Adam is another guy I know in PB. He’s also a bartender. Though they’re in the same profession and neighborhood, he doesn’t know Mike at all. He doesn’t talk about sports or the Padres. Adam prefers to talk mostly about “poon tang.” Poon tang is the word Adam uses to refer to women—both individuals and groups-- he would like to have sex with. In speaking of poon tang, Adam often goes into detailed descriptions of female body parts. He also calls women’s breasts “jugs.”
San Diego Indians relied on jugs to carry water to and from their villages. Water has always been a crucial resource in a hot and dry climate like San Diego. The Indians must have thought this: ‘The bigger the jugs, the better.’
Adams thinks the same thing. He is not a native of Pacific Beach, or San Diego, or California. Adam is from Beaumont, Texas.
Adam admits that he watches sports but doesn’t really care who wins or loses because he doesn’t gamble on the games.
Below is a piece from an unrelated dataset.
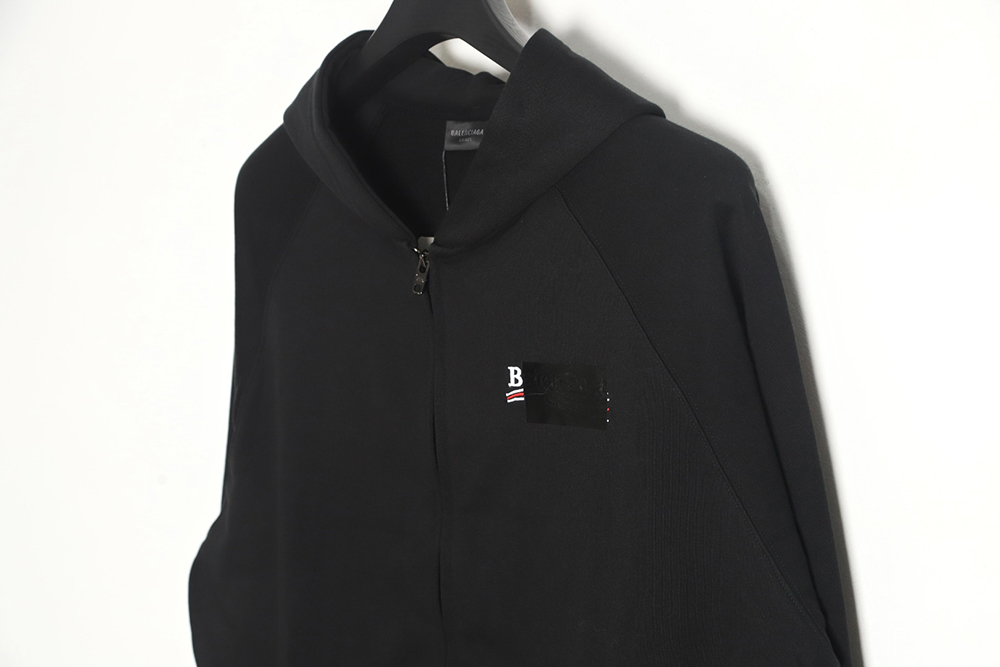 Balenciaga 23Fw laminated cola zip hooded jacket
Gambling is illegal. The only place where you can gamble legally in San Diego County is owned by the descendants of the only true natives: Indians. About 200 years ago, ranchers introduced liquor and gambling to San Diego Indians to help them forget that they were being cheated, overworked and underpaid. Now local Indians have turned these vices into so many millions, they have enough to support local sports teams.
Adam also doesn’t care about sports as much as Mike because it involves very little poon tang. Adam lowers his voice when he talks about poon tang because his co-worker is female and he knows this word bothers her. His co-worker’s name is Briana. Adam says that she has nice jugs.
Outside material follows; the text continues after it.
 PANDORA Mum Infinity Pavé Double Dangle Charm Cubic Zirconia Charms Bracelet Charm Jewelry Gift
Brianna is a cocktail waitress. She’s been living in PB for almost two years. She’s part Cherokee Indian “or something”, she thinks. She does not care for the Padres, or for gambling. From what I can tell, she doesn’t have an interest in local history either. Brianna does seem to love Pacific Beach. She says she makes over 200 dollars a night in tips. She realizes that showing the top half of her jugs helps her make more money in tips. She also spends a lot of time complaining that most male customers stare at her jugs with reckless abandon. She calls these guys “pigs.”
Briana says there are a lot of pigs in PB, but they are not originally from this area either. Pigs were brought here by Europeans-- so were palm trees. So were diseases, liquor, and gambling-- and baseball!
Briana could care less about baseball, but she cares about Adam. She considers Adam a close friend. Brianna has no idea that Adam talks about her jugs constantly. She also has no idea that Mike talks about her jugs too, but he calls them “knockers.” (I imagine many guys in Pacific Beach have various names for Brianna’s breasts.) Mike has never even met Brianna. He doesn’t know her from Adam.
Unsurprisingly, like Mike, Adam also complains about the invasive flood of vacationers and other recent arrivals to Pacific Beach. Brianna, too, complains about the clueless Zonies and irritating out-of-towners from the lands of the east.
Brianna is from Tucson, Arizona.
I've also noticed this: Briana, Adam, and Mike don't seem to think very highly of people that are much more indigenous to this region than they are. They call them "illegal aliens." Though many of the trendy, tanned and tattooed residents of Pacific Beach would like to forget, we are almost all aliens in this place.